Cette petite gymnastique temporelle nous ramène d’autant plus à la question qui nous taraude : pourquoi ? Franchement hormis le plaisir, certes cinéphile mais limité, de débusquer au détour d’un plan ou d’un dialogue des références ou clins d’œil aux films, si le psy(chopathe) s’était appelé Jean-Michel Killer au lieu d’Hannibal Lecter, ça n’aurait pas changé grand-chose à l’affaire. Une affaire plutôt réussie d’ailleurs, mais j’en parlerai plus loin. Il me semble qu’à l’instar de Norman Bates (Bates Motel) et de Sherlock Holmes (Elementary), le personnage d’Hannibal Lecter, figure profondément ancrée dans l’inconscient et l’imaginaire du téléspectateur, est utilisé comme une sorte d’argument d’autorité censé attiser une curiosité spontanée et donc de maximiser les chances d’une audience forte dès le pilote. Une fois le téléspectateur ferré, il ne reste plus qu’à l’empêcher de décrocher en lui proposant une recette proche de séries déjà couronnées de succès.  Pour Elementary, j’en ai déjà parlé, c’est Mentalist. Les deux titres se ressemblent comme quand une sous- marque discount veut s’identifier à la grande marque du même produit, et en plus c’est la même chaîne. Pour Bates Motel, c’est plus fort que nous, on a vraiment l’impression de voir un Dexter jeune qui est en train de découvrir et apprivoiser tant bien que mal son Dark Passenger. De plus l’empathie qui nous lie à Dexter, la clé du succès de la série, nous la retrouvons dans l’inaptitude sociale touchante de Norman et surtout dans le fait qu’il va lui aussi « tuer des méchants » (cf. épisode 3). Gageons que les jeunes filles nues et innocentes ne prendront (malheureusement) leur douche fatale qu’à la fin de la série, si fin il y a. Ah oui j’oubliais, si Dexter parle à une vision de son défunt père, Norman, lui, parle à une vision de sa mère…vivante, mais pas dans la même pièce. Et puis ils ont la même coupe de cheveux Playmobil…
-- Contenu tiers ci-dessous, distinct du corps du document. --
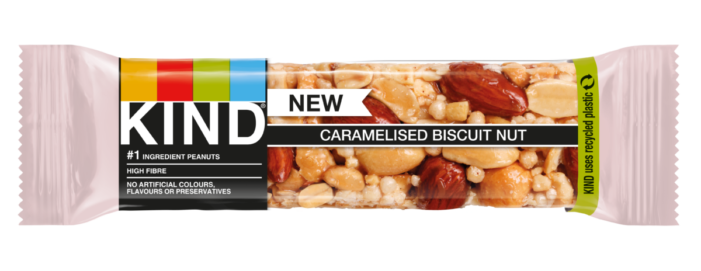 <strong>CARAMELISED BISCUIT NUT – KIND SNACKS’ LATEST HFSS COMPLIANT BAR</strong>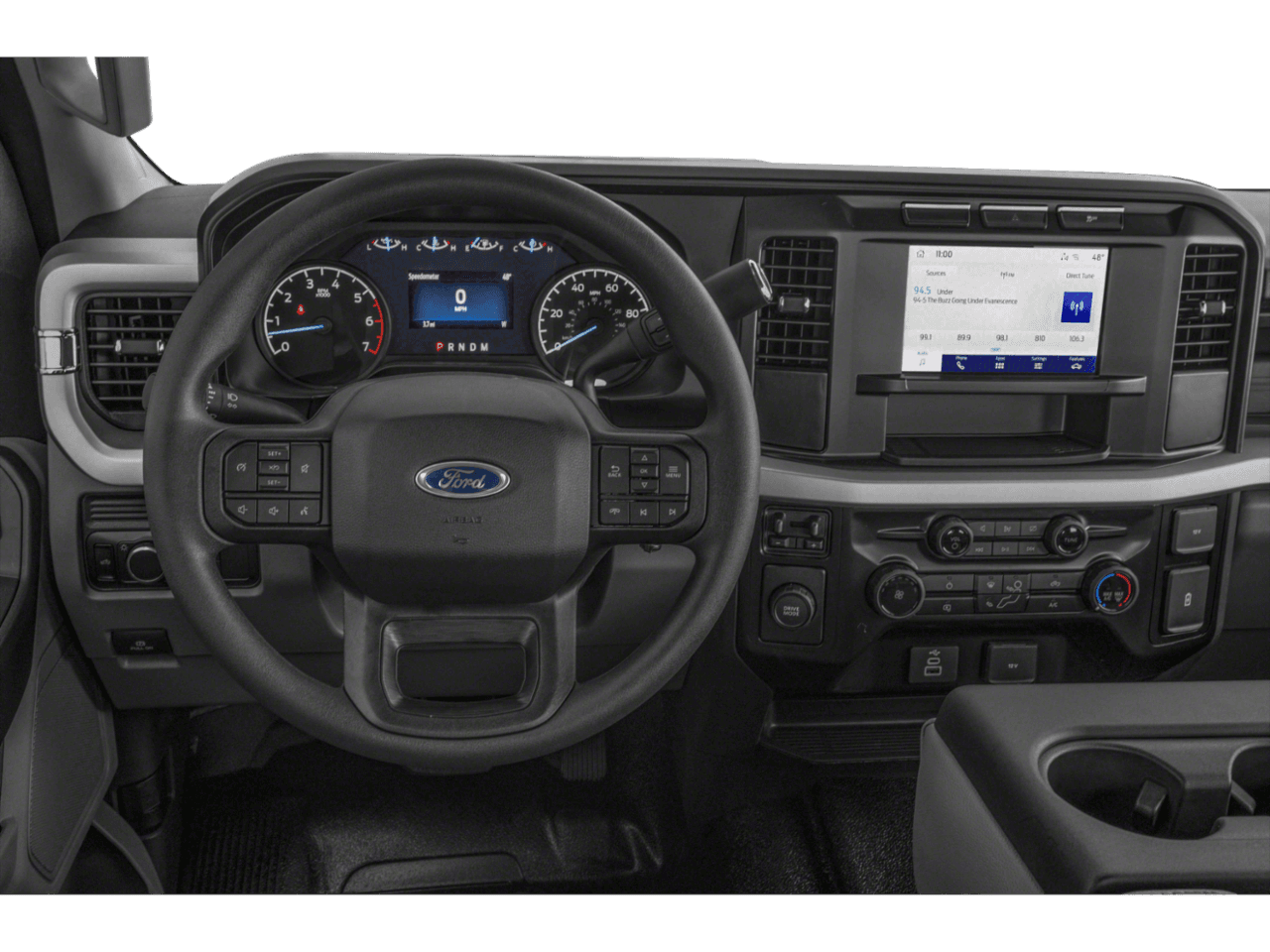 2025 Ford Super Duty F-250 SRW XL - Interior Drivers Dash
Mais revenons à nos agneaux, jusqu’ici passés sous silence. Chez Hannibal, fort heureusement, le menu sent moins le réchauffé grâce à des personnages revisités. Certes, Will Graham peut être vu comme une figure du Mentalist-like, plus consultant que flic, un solitaire doté d’un don d’observation inouïe poussé ici jusqu’à l’incarnation du tueur qu’il poursuit, et ravagé par des démons intérieurs. Certes, Hannibal, psychiatre le jour et serial killer la nuit, participe à l’enquête censée démasquer un tueur qui n’est autre que lui-même, comme Dexter dans la saison du Bay Harbor Butcher. Mais les caractéristiques des personnages, du moins dans ce pilote, semblent plus flottantes, en tous cas moins évidentes. Oui, le consultant consulte mais le rapport entre les deux hommes reste flou et intrigue au plus haut point.  Idem pour l’interprétation. Dans ce pilote, Hugh Dancy sort grand vainqueur du duel face à l’immense Mads Mikkelsen mais on peut parier sur le renversement de cette tendance, lorsque viendra le plat de résistance. Pour l’instant, Mikkelsen joue la carte du mystère (il n’apparaît que 20 minutes qui plus est) mais le potentiel du rôle finira bien par éclater pour qu’il puisse se frotter au grand Chef Anthony Hopkins. On nous rappelle d’ailleurs dans un dialogue malicieux que notre Lecter a suivi sa formation à l’hôpital…Hopkins.

 

Il me faut signaler aussi la mise en scène léchée et aux petits oignons de David Slade. Malgré quelques afféteries pas trop dérangeantes, il a su instaurer une ambiance lugubre et malsaine proche du film de Demme. On se souvient d’ailleurs que Slade avait (un peu) défrayé la chronique avec son premier long-métrage controversé Hardcandy, déjà une histoire ambigüe de loup et d’agneau. Et puisque l’on parle de bêtes, le thème de l’animalité de l’homme, plus que l’anthropophagie, est d’ores et déjà abordé via de stupéfiantes visions de meurtres dans lesquelles la victime et l’animal se mêle physiquement. Enfin, pour l’anecdote (ce n’est pas vraiment un spoiler), le premier tueur cannibale s’appelle Hobbes, comme le philosophe anglais (« l’homme est un loup pour l’homme »). Apparemment, et tant mieux pour nos papilles visuelles, cette série ne manquera ni de chair ni d’esprit.